Reviewing the facts without any harshness, Henderson pointed out that there was no question but that there had been an admission of wrongdoing. The jurors should not be confused in judging the nature of the bank manager’s guilt. He had fraudulently misrepresented the loan to the head office. That he might on one particular occasion have been influenced by another man had nothing to do with his guilt or innocence . .
. And Harry kept staring at Scotty, despising him. Scotty took out his handkerchief, wiped his face, then his eyes wandered around the room and finally were drawn to Harry. Their eyes met and then it seemed to Harry that Scotty was pleading with him, saying with his eyes, “Please don’t be sore. You’re established and so well liked and popular. In a little while this won’t matter to you.” It upset Harry and he waited for Henderson to finish and Ouimet to begin.
Ouimet had a conversational, intimate style. He hardly raised his voice; he took the jurors into his confidence. He talked movingly about Scotty’s family life and how he was respected by everyone who knew him. “Now we come to Harry Lane.” Every time he used the name all the spectators turned and looked at Harry thoughtfully. His hands clenched on the seat ahead of him, he kept bending down pressing his chin against his knuckles, his face flushed.
“You saw Harry Lane,” Ouimet said. “Of course, he’s not the kind of businessman Mr. Bowman dealt with every day, a man of charm and grace. Mr. Bowman was very fond of this man. If Mr. Bowman committed a crime, why did he do it? Out of avarice? Oh no. What was there in it for him? He was very vulnerable to his dashing friend. Now you are men of common sense. At some time in your lives you may have been running around wanting to borrow money. Well, can you really imagine that the idea of a loan came from Mr. Bowman, that all the suggestions came from him, that he actually pressed Lane to take the loan when he knew, on the face of it, he was risking his job and his freedom? Does this offend your intelligence? Can’t you see him yielding reluctantly to the corrupting pressure of friendship, saying to himself, ‘It is only for a few days. He won’t let me down.’ And why isn’t the man who took the advantage here in the dock with Mr. Bowman, charged with conspiracy? Because Mr.
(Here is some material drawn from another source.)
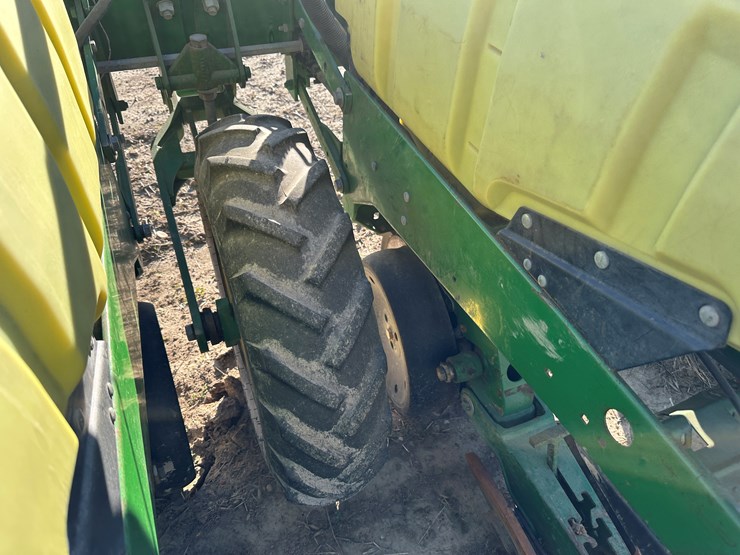 john-deere-1720-image-41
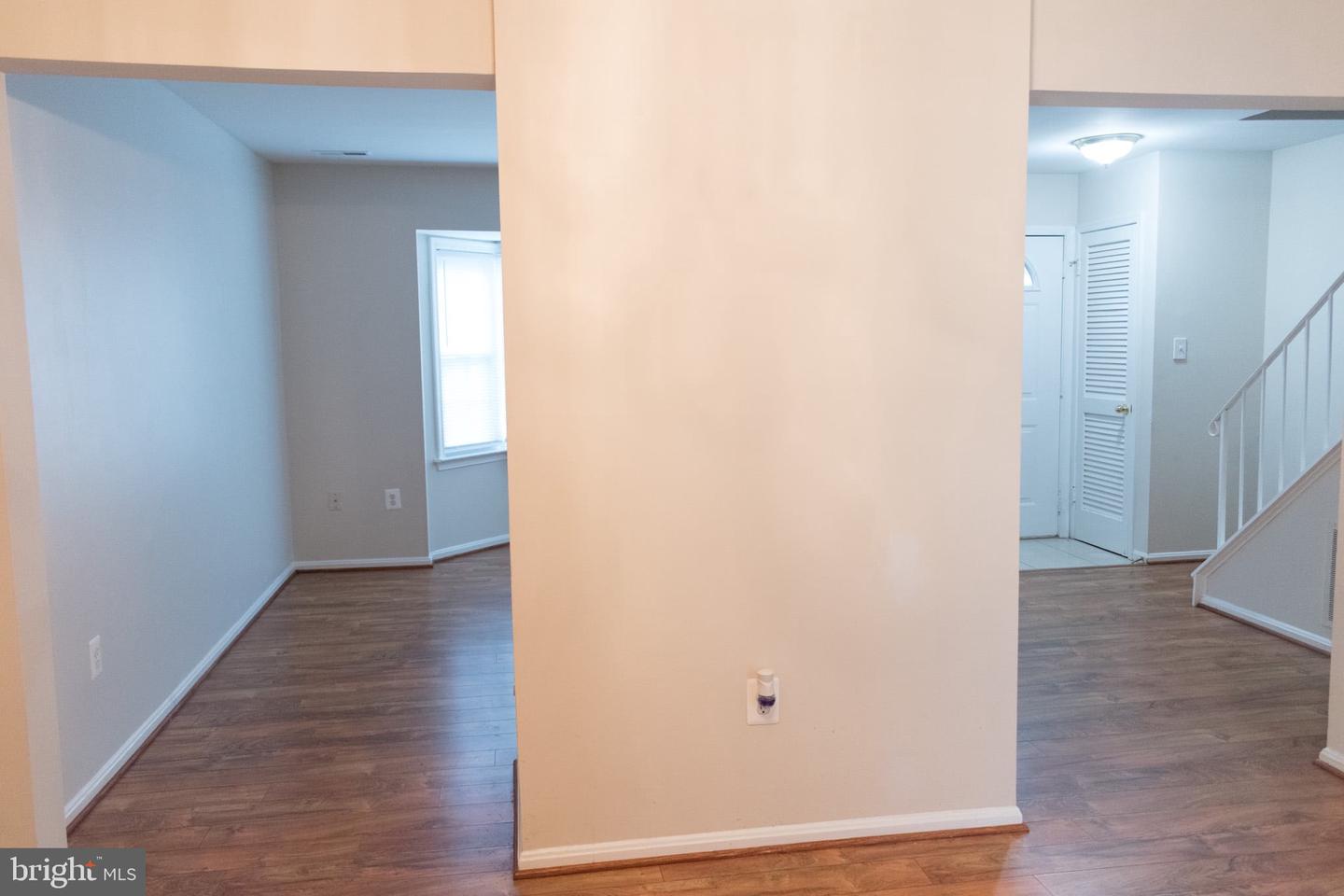 3423 TENDRIL CT, WOODBRIDGE, Virginia 22192, 3 Bedrooms Bedrooms, 10 Rooms Rooms,2 BathroomsBathrooms,Residential,For sale,3423 TENDRIL CT,VAPW2102144 MLS # VAPW2102144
Bowman still retains his pathetic loyalty to him . . . He takes all the blame.”
“No,” Harry shouted, and he jumped to his feet, his head caught suddenly in the last rays of the sunlight sweating and shining, and crazy anger in his eyes as he glared at Scotty, and he thought Scotty was also going to stand up and protest for he looked ashamed and miserable, but he didn’t; he shook his head helplessly. Then Harry turned, his hand up, facing the judge, who had been momentarily startled. Ouimet, too, had turned indignantly, caught off balance. The words Harry wanted to use were on the tip of his tongue. “I want to be sworn in again. This is a disgrace. I have something more to say. Mr. Bowman came to me pleading. He knew he could get shares from me. He asked for them. Let me be sworn in again.” But in the moment, the little moment while they were all startled and facing him, his instinct made him aware with a swift frightening clarity of the consequence of such a statement now: it would look as if he had held back through fear of being charged with conspiracy. Ouimet would cry out that Harry Lane should be in the dock too; he had bribed Mr. Bowman with the promise of shares; and Mr. Bowman still could remain silent, for from the beginning he had known if he could get as far as the trial in this way, without being denounced by his friend, free of any resentment or hostility from his friend, his silence could protect him from the sentence he deserved.